Using the entries that follow, transcribe only the lines from the line with "Фото The Jane Hotel" to the line with "Hotel Ramka &", both included, exactly as they stand and without pictures.

[DATA TO PROCESS Boundary: Start]

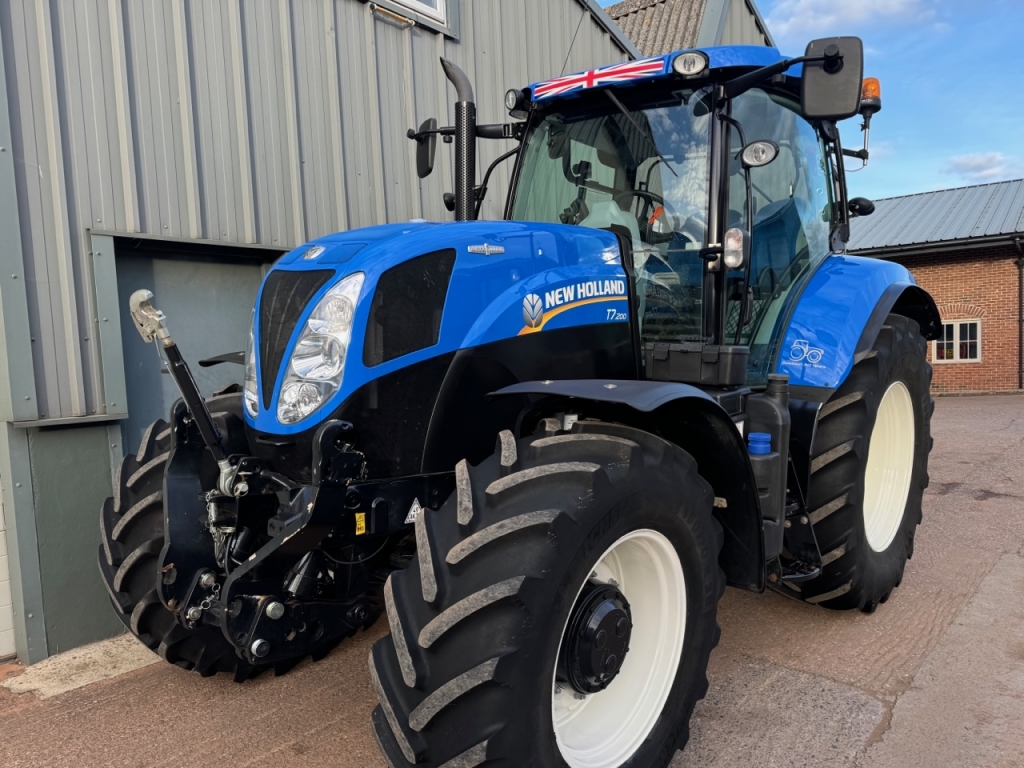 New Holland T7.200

[DATA TO PROCESS Boundary: End]
[DATA TO PROCESS Boundary: Start]

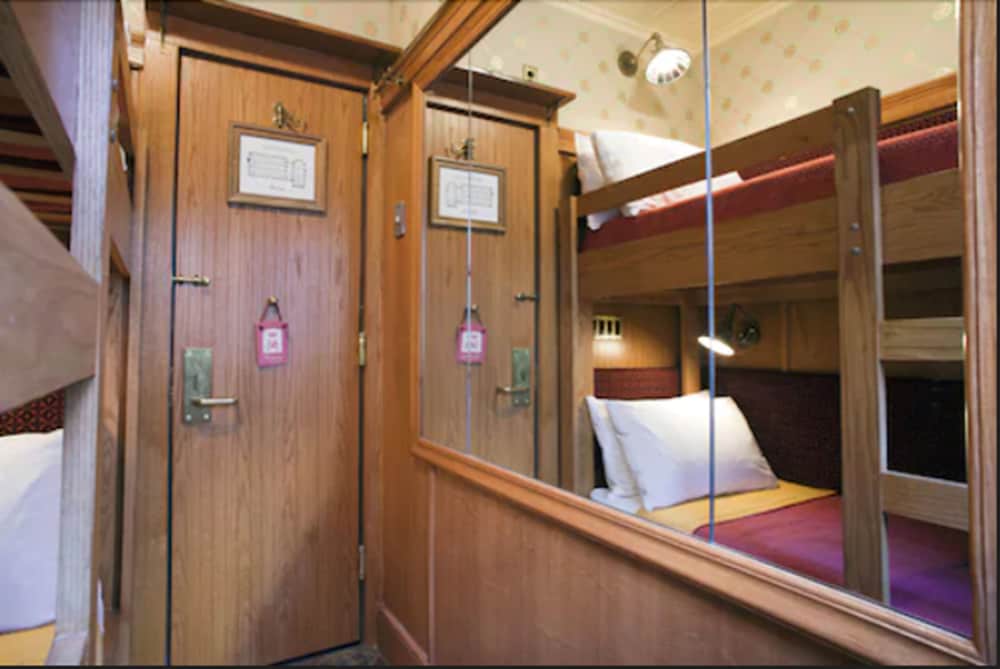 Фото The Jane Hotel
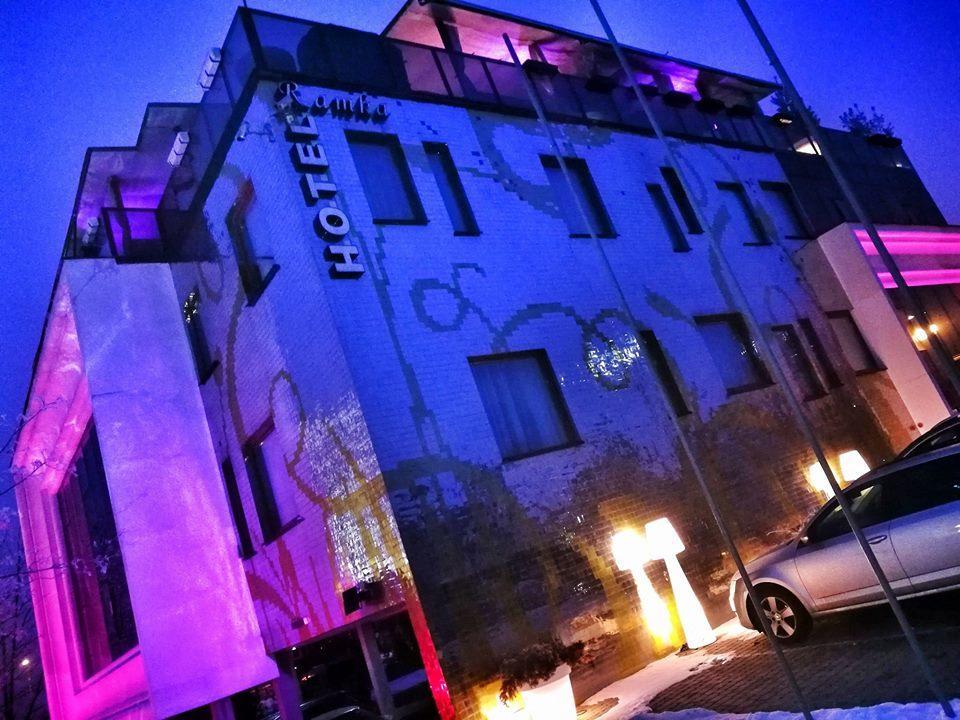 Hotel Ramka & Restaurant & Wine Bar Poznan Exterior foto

[DATA TO PROCESS Boundary: End]

* TASK RESPONSE
 Фото The Jane Hotel
 Hotel Ramka & Restaurant & Wine Bar Poznan Exterior foto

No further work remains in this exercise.